Puffer Suezann, Torgerson David, Watson Judith
York Trials Unit, Department of Health Sciences, York University, York YO10 5DD.
BMJ. 2003 Oct 4;327(7418):785-9. doi: 10.1136/bmj.327.7418.785.
To examine the prevalence of a risk of bias associated with the design and conduct of cluster randomised controlled trials among a sample of recently published studies.
Retrospective review of cluster randomised trials published in the BMJ, Lancet, and New England Journal of Medicine from January 1997 to October 2002.
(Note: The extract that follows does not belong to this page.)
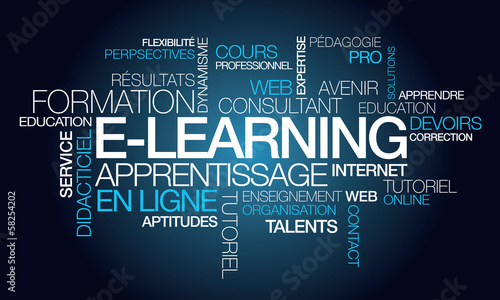 Illustration: E-learning formation apprentissage en ligne illustration E-learning formation apprentissage en ligne illustration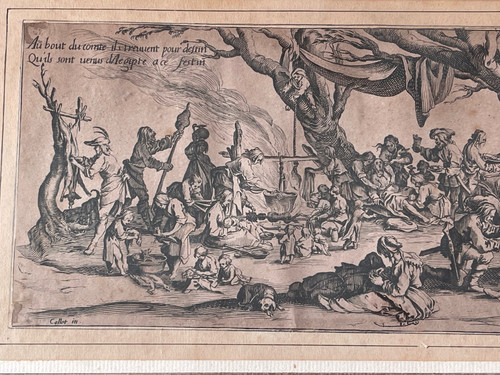 Gravure xviie signé jacques - signé,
Prevalence of secure randomisation of clusters, identification of participants before randomisation (to avoid foreknowledge of allocation), differential recruitment between treatment arms, differential application of inclusion and exclusion criteria, and differential attrition.
Of the 36 trials identified, 24 were published in the BMJ,11 in the Lancet, and a single trial in the New England Journal of Medicine. At the cluster level, 15 (42%) trials provided evidence for secure allocation and 25 (69%) used stratified allocation. Few trials showed evidence of imbalance at the cluster level. However, some evidence of susceptibility to risk of bias at the individual level existed in 14 (39%) studies.
Some recently published cluster randomised trials may not have taken adequate precautions to guard against threats to the internal validity of their design.
在一组近期发表的研究样本中,考察与整群随机对照试验的设计和实施相关的偏倚风险的发生率。
对1997年1月至2002年10月发表在《英国医学杂志》《柳叶刀》和《新英格兰医学杂志》上的整群随机试验进行回顾性分析。
整群的可靠随机化发生率、随机化前对参与者的识别(以避免知晓分配情况)、治疗组间的差异招募、纳入和排除标准的差异应用以及差异失访。
在确定的36项试验中,24项发表于《英国医学杂志》,11项发表于《柳叶刀》,1项发表于《新英格兰医学杂志》。在整群水平上,15项(42%)试验提供了可靠分配的证据,25项(69%)采用了分层分配。很少有试验显示在整群水平上存在不平衡的证据。然而,14项(39%)研究存在一些个体水平上易受偏倚风险影响的证据。
一些近期发表的整群随机试验可能未采取足够的预防措施来防范对其设计内部效度的威胁。